Ketika saya bersekolah di jenjang SMA, saya menjadi siswa dengan penampilan yang amat memperihatinkan. Saya selalu menggunakan cardigan kusam yang nampak berumur dua ratus tahun namun pada kenyataanya hanya berumur dua bulan baru beli ketika itu, celana abu-abu gombrong bak celana Dono dalam film-film tahun 70'an, dan memakai kemeja SMA dengan bahan kain untuk seragam bidan. Iya, saya ulangi, bahan kain untuk seragam bidan. Ibu saya bermaksud sangat baik untuk membuatkan seragam sekolah untuk saya, maka beliau mencari bahan terbagus yang ada di toko kain. Merasa bahwa bahan kain seragam pada umumnya terlalu tipis dan dikhawatirkan saya masuk angin, beliau berinisiatif membeli bahan yang lebih tebal. Saya pribadi tidak pernah bermasalah dengan masuk angin jadi hingga sekarang pun saya masih bertanya kenapa seragam saya dibuat dengan bahan kain untuk seragam bidan. Apakah beliau khawatir bahwa khalayak dapat melihat pentil saya? Atau apakah beliau khawatir tali BH saya akan menerawang apabila saya menggunakan tali BH berwarna yang dapat dibeli di toko Strawberry? Semua itu hanyalah pertanyaan batin yang tak pantas saya pertanyakan, hanya Tuhan yang tahu.
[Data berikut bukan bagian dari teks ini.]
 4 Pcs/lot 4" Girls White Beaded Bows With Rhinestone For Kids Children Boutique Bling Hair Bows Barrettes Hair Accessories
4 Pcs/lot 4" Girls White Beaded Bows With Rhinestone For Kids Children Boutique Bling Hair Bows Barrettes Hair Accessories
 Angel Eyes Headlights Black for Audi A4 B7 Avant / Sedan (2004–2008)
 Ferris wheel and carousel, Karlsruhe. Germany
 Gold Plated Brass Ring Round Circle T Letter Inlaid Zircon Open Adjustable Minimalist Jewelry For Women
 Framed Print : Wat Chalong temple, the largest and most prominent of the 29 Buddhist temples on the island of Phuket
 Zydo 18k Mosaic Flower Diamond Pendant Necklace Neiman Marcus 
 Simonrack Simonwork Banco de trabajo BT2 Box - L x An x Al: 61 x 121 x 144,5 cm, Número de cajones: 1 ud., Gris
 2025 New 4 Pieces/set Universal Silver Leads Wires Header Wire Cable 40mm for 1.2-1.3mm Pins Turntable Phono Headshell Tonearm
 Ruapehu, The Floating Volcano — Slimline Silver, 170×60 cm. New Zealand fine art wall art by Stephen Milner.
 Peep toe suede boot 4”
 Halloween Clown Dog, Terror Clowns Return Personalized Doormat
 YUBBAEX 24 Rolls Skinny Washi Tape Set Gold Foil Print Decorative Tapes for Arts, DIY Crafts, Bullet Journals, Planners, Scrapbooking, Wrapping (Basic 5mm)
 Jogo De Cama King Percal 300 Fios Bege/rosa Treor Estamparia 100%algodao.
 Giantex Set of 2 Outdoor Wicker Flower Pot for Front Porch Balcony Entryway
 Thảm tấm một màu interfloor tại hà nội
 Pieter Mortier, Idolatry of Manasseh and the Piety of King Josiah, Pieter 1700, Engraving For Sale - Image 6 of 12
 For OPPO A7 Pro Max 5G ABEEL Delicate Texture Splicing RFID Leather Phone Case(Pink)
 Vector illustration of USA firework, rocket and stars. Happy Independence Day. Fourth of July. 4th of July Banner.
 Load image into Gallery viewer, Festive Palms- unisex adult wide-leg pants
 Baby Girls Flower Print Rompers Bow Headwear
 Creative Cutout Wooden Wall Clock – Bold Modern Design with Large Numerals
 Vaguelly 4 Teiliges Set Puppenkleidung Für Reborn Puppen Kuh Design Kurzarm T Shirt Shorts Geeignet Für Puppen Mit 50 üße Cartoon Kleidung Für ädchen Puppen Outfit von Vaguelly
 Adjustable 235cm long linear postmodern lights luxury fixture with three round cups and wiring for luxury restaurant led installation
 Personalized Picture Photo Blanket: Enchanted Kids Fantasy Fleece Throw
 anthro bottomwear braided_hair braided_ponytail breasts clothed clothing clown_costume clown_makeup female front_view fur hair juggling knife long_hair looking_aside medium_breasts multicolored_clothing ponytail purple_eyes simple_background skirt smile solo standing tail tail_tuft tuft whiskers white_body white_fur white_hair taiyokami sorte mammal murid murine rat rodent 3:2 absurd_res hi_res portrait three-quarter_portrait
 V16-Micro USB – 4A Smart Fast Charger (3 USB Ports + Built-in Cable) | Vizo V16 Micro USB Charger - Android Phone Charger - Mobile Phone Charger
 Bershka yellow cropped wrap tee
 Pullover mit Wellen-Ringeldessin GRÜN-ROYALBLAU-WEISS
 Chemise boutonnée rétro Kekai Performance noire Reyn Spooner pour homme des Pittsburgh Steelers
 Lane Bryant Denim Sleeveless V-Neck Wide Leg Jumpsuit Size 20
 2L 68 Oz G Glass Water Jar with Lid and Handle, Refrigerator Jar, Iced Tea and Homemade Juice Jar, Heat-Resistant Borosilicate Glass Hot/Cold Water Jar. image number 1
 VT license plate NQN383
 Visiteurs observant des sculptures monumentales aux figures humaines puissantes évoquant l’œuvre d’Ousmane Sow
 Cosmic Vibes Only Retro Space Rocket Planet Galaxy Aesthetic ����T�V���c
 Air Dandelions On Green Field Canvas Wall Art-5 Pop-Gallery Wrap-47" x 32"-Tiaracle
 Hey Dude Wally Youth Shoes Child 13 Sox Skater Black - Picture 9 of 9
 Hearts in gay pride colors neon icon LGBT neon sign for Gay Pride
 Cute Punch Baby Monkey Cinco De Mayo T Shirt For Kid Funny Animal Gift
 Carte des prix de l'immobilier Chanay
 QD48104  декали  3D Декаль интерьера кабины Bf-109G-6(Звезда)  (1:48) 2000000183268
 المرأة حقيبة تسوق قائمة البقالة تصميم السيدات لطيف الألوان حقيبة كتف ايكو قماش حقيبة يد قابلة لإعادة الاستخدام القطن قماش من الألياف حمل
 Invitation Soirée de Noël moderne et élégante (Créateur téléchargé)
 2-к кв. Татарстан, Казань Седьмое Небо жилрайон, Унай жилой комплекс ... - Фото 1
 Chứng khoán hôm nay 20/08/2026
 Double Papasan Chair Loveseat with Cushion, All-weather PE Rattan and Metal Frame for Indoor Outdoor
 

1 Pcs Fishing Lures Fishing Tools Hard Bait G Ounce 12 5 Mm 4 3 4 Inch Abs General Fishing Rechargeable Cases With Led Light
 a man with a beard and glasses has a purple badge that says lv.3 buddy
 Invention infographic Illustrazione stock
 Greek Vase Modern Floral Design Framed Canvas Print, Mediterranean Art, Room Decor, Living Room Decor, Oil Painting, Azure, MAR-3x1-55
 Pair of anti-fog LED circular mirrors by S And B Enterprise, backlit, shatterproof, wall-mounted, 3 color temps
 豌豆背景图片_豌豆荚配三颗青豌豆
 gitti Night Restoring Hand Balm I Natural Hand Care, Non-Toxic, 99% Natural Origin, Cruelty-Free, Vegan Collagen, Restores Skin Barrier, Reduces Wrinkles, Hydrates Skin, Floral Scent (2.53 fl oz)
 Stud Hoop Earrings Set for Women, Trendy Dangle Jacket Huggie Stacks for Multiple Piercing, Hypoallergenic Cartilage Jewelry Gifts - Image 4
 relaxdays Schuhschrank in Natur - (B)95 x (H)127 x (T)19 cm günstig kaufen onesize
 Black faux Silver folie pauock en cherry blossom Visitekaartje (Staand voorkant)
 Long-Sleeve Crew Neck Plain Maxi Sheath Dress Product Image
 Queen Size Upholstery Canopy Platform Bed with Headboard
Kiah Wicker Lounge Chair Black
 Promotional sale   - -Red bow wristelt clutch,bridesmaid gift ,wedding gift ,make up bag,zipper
Kini seragam bidan saya terbaring kaku dalam lemari pakaian saya. Penuh dengan debu dan kolor kekecilan melar yang sudah tidak layak pakai menutupi seragamnya. Tidak terlintas di benak saya untuk memakai seragam tersebut kembali. Namun akhirnya jiwa ini tergelitik juga untuk mengamankan seragam tersebut, menyelamatkannya dari tumpukan kolor usang. Saya angkat seragam tersebut baik-baik. Diamati seragam itu dengan seksama dan terbahak dalam hati mengingat saya sempat mengenakan seragam ini. Dan siapa yang akan mengira, ternyata di dalam kantung baju terdapat uang dua puluh ribu rupiah peninggalan saya SMA. Mungkin inilah bentuk kasih sayang-Nya sebagai pengganti masa SMA yang saya lewatkan menggunakan seragam bidan. Dua puluh ribu rupiah, itulah harga masa SMA saya bersama seragam bidan ini.